Claudia, con el rostro rojo de furia y los dientes apretados de pura envidia, estrelló su puño contra la camilla, como si fuera culpa del colchón mugriento su desgracia.
—¡Esto es una broma, una maldita broma de mal gusto! —escupió, mirando alrededor con desprecio—. ¡¿Y esta es la habitación que me asignan a mí?! ¿¡Compartida!? ¡Con olor a sopa fría y gente tosiendo como si se fueran a morir esta noche!
Leo, sentado frente a ella en una silla de plástico sin respaldo —más incómoda que sus propios sentimientos—, suspiró profundamente, como si ya no le quedaran neuronas disponibles para discutir.

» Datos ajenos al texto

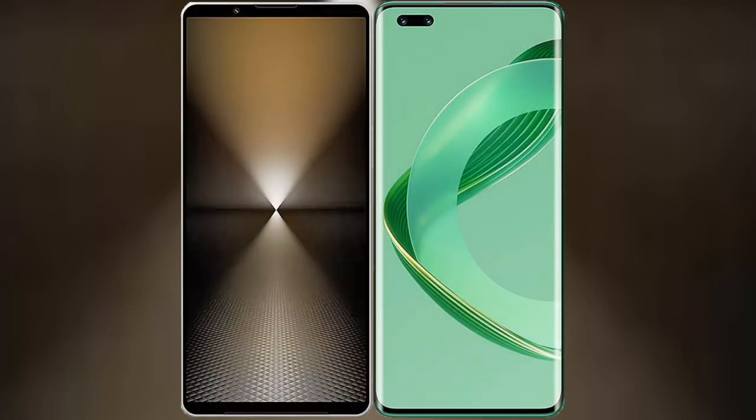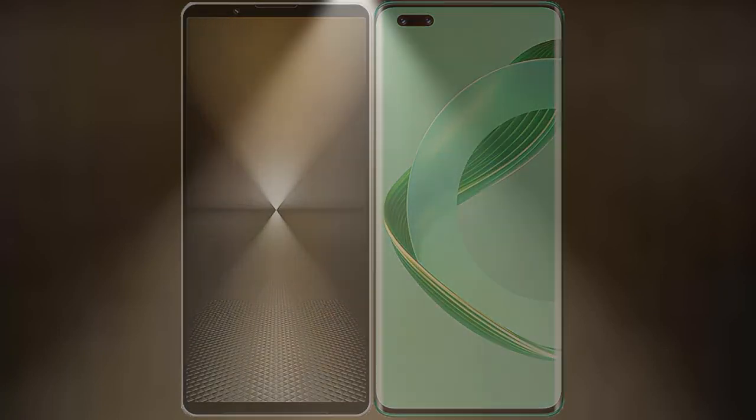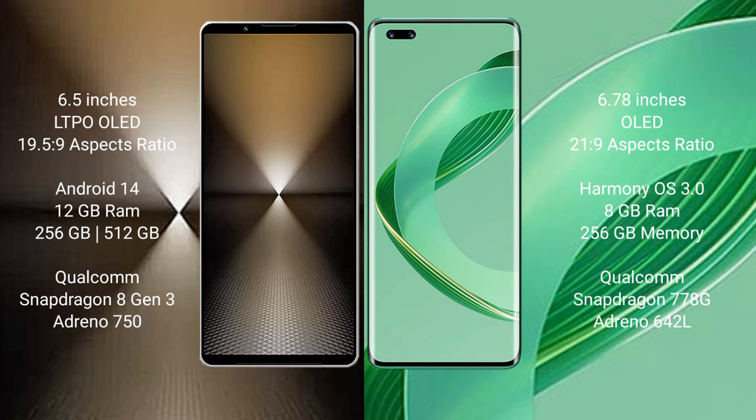I will compare the new Sony Xperia 1 Mark VI with the Huawei Nova 11 Pro. The Sony Xperia 1 Mark VI comes with a 6.5-inch LTPO OLED display and a 19.5:9 aspect ratio. The Huawei Nova 11 Pro has a 6.78-inch OLED display and a 21:9 aspect ratio.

—Ya cálmate, Claudia —murmuró, cansado.
—¿¡Cómo me pides eso, Leo!? —explotó ella, girándose como una gata herida—. ¿Viste lo que pasó? ¡A Scarlet la llevaron a una habitación privada! ¿¡Privada!? Y yo, ¡yo! Que tengo un cargo superior, experiencia, trayectoria… ¡me metieron en este chiquero de hospital público!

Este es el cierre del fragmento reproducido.